After graduating from my degree in Medieval History and Archaeology at St Andrews and working closely with the Bridges Collection itself, I chose to peruse an MSc in Digital Heritage at the University of York. During this course, I completed classes including Cultural Heritage Management, Virtual Reality Modelling, and Working on the Web, all of which have given me opportunities to study and implement different aspects of digital media within the archaeological and heritage field.

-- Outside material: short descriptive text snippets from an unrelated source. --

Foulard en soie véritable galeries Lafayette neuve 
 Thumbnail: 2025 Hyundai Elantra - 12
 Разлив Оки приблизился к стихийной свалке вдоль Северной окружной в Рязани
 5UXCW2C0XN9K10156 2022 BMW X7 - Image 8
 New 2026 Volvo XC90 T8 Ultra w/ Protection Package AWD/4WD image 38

I underwent a brief placement at L-P Archaeology in London where I was tasked with downloading one of their websites into static HTML (a webpage that displays the same information to all users) in order to preserve their data. It was certainly a crash course in learning how to negotiate the command line (code which is used to interact with a computer programme), and become literate in HTML and CSS (Cascading Style Sheets, how HTML is displayed in a webpage). During this placement, it became evident that placing data online does not equate to saving it forever. In fact, there are digital archivists who work to save data and sites which become obsolete. If you’re interested in this, explore the ArchiveTeam, whose programmers work as literal digital archaeologists, digging through the web in order to save its history.
My master’s thesis focused on the design, construction, and evaluation of a digital group experience which took place at the site of Çatalhöyük in Turkey. It was done through end-user focused methods, resulting in my creation of group personas based on the study of visitor demographics collected on site, to aid in group experience design.

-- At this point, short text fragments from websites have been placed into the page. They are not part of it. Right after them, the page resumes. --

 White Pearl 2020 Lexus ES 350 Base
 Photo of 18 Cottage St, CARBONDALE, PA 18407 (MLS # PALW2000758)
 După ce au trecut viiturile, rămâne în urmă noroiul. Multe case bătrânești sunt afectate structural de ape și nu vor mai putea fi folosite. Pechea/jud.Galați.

In the first wave of digital applications in museums, experiences seem to have been geared towards the individual rather than the group, evident in the wide use of headphones and small screens to learn from. To encourage social interaction, I worked to use digital platforms as a tool to learning, rather than allowing the technology to drive the interaction.

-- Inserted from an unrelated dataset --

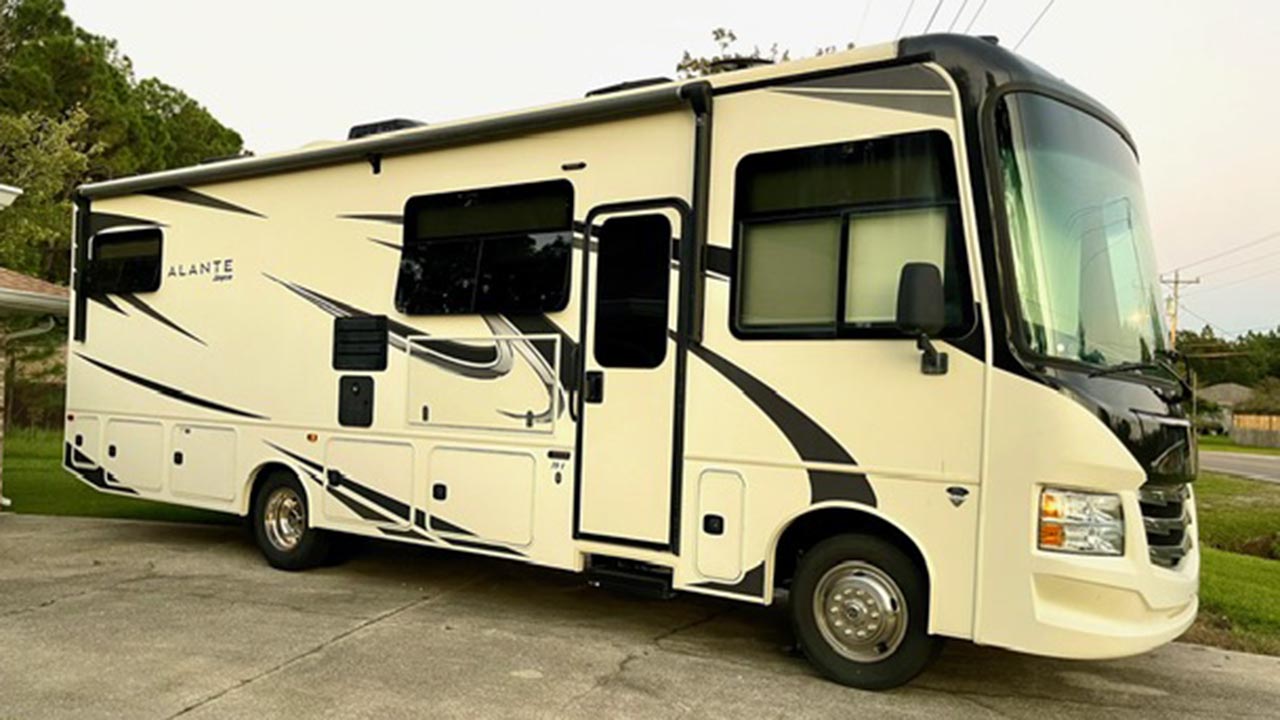 0th Image of a 2021 FORD JAYCO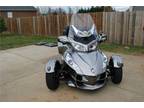 2012 Can-Am RT-S WITH BRAND NEW NEVER USED ULTIMATE TRAILER≥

By the end of my project, myself and a team of programmers and heritage professionals created a digital experience which took place in the reconstructed replica houses at Çatalhöyük. The primary aim of this digital experience was to encourage the visitors to explore how the society of Çatalhöyük may have functioned.
The experience provides visitors with 3D printed Neolithic artefacts, which they personalise as their own, before being guiding as a group through the replica houses, where they are prompted by a mobile application to participate in physical trade and leave those artefacts behind. By going through the motions of trading and leaving behind objects, participants are asked to question modern assumptions around material ownership and community.
The project is run in conjunction with EMOTIVE, an EU-funded heritage project which works to utilize emotional storytelling to change how heritage sites are experienced by both visitors and the heritage professional alike. I was able to work closely with the team, and attend workshops in both Athens and Glasgow. During the workshops, we explored how user-centric methodologies and digital technologies can be implemented to create emotional responses in heritage contexts.
Overall, perhaps ironically, studying digital heritage has taught me that digital platforms are not the saviour of heritage and archaeology. When too heavily relied upon, they can become more of a hindrance than a help. While technologies, in particular mobile technologies, open opportunities of archaeological dissemination and interpretation, they should not be placed on too high a pedestal. If applications are not used as a tool in which to further understanding, willing to take a back seat to the artefacts and site itself, there is a danger of the technology hindering the experience of the visitors rather than improving it. That being said, when wielded correctly, there are so many ways to utilise technology in the heritage sphere to aid in the dissemination and understanding of the past.
What’s next for me? Excellent question. At the moment, I am learning my next coding language (Python) and working on the next steps of the group experience with EMOTIVE. Without my time at St Andrews I would never have had found an interest in digital heritage, or had the amazing experiences and opportunities I have had since leaving. I look forward to my next visit and whatever lies ahead!